So pretty much Newland Archer is Ted Mosby. He is in love with one woman for his life but marries someone else because of the complications the first woman would create.
There’s a certain type of man who feels like all emotions are charted along legal terms and therefore, as people who who feel can’t be held accountable if in fact he has not declared his love. This novel takes place in “Old New York” a false aristocratic society in which the sins of society has replaced the sins of morality. Newland Archer is trying to be engaged to May, who is a society man’s dream. At least times in this novel, he describes her a “Diana-like” and this connection between May and the goddess emphasizes the respect he feels for her.
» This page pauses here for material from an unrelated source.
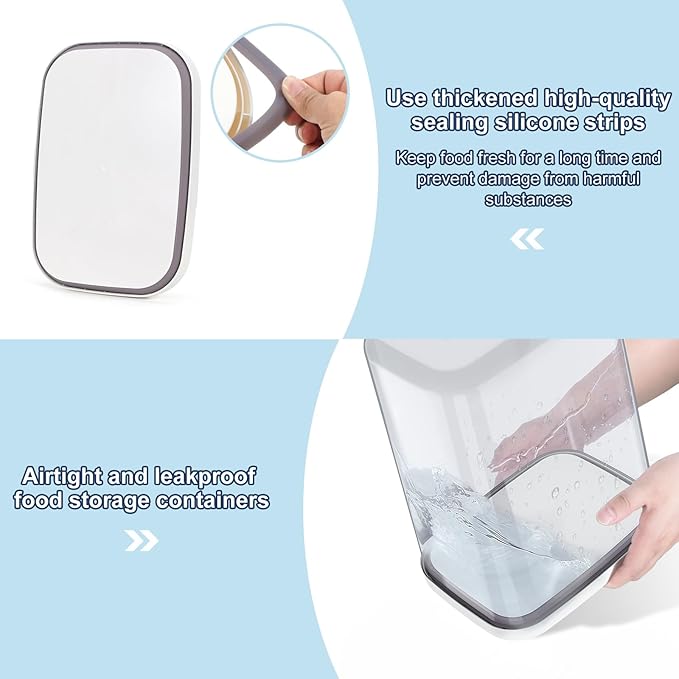 5-8 Lbs/6Qt Airtight Dog Cat Food Storage Container and Pet Storage Bin BPA-Free, PET Clear Stackable Dog Treat Containers Measuring Scoop Suitable for Dogs Food, Cats Food and Other Dry-1Pack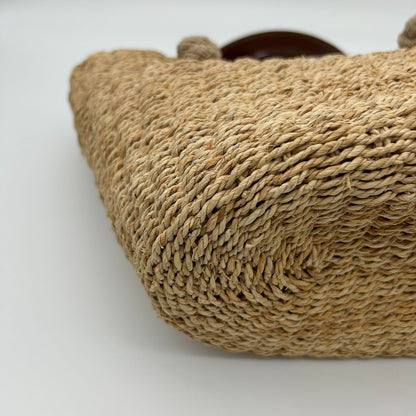 Prada Straw Handbag Beige — view 10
But he wants to bone her cousin, the countess Olenska, who when Newland rebuffed her as young lovers ran off to Europe and married a Count. Now she’s back, trying to get a divorce, clearly a slut according to unwritten rules, and Archer wants some. He becomes infatuated with her, which is not itself a wrong thing, but he continues throughout the novel to pursue her with his heart, if not with his junk. But because he’s a lawyer, and because his feelings are never explicit (except to the Countess), he feels like he’s never done anything wrong. In fact, when his fiance can tell he is having doubts and confronts him about them, what does he do? Suggests they should get married immediately instead of waiting.
Like many men who cheat in this way, he refuses to see his behavior regarding the countess as perfectly ok. But again, he is a married man, and having an unhealthy obsession with a woman you almost married, well you get it.
There’s an implication at the end that had he only been alive decades later, he could have had whatever he wanted.